L’idée d’un homme qui se tiendrait à la tête de l’assemblée locale, dirigerait toutes ses affaires, lui prêcherait tous les dimanches, conduirait ses baptêmes et sa communion, est totalement étrangère à la Bible.
Le rôle du pasteur est devenu de nos jours une profession hautement spécialisée. Cette conception représente une invention post-biblique qui évoque des traditions sacerdotales bien-intentionnées mais sans véritable intérêt. C’est essentiellement un héritage des pratiques romaines (un prêtre), ce qui rappelle d’avantage la prêtrise lévitique que les principes énoncés dans le Nouveau Testament.
D’autre part, ceux qui exercent le rôle de pasteur ont tendance à être déformés par ce professionnalisme clérical. Aucun homme n’est appelé à subvenir à lui seul aux besoins de l’église. C’est un fardeau trop lourd, et Dieu ne nous a pas demandé de le porter.

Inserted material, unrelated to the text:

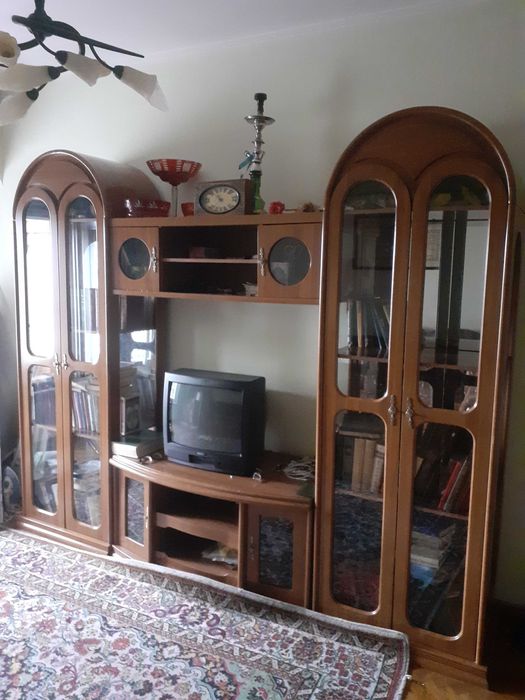 Горка модульная ,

De plus, le pasteur maintient l’assemblée dans un état permanent d’infantilisme spirituel, dans la mesure où il empêche les croyants de remplir le ministère spirituel qu’ils sont appelés à exercer les uns envers les autres, ce qui du coup les rend faibles et dépendants du pasteur, incapables de chercher par eux-mêmes la nourriture spirituelle.
Certes, nombre de pasteur exercent leur rôle pour des motifs louables, désirant sincèrement voir leur assemblée croître, et prendre de la responsabilité spirituelle, et beaucoup même se désolent de l’état de leur église, mais sans remettre en question la place qu’ils occupent.

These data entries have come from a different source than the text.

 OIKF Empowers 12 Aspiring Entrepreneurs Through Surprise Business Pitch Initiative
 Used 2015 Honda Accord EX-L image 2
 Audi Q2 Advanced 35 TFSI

Mais malgré tout, le poste moderne du pasteur, de par sa nature-même, étrangle inévitablement la pratique de la prêtrise de chaque croyant.
Comme c’est le pasteur qui se charge du travail de l’église toute entière, la plupart des croyants deviennent passifs, paresseux et égocentriques, et leur marche spirituelle s’arrête. Ainsi, aussi bien le pasteur que la congrégation se trouvent affaiblis par ce poste totalement extra biblique.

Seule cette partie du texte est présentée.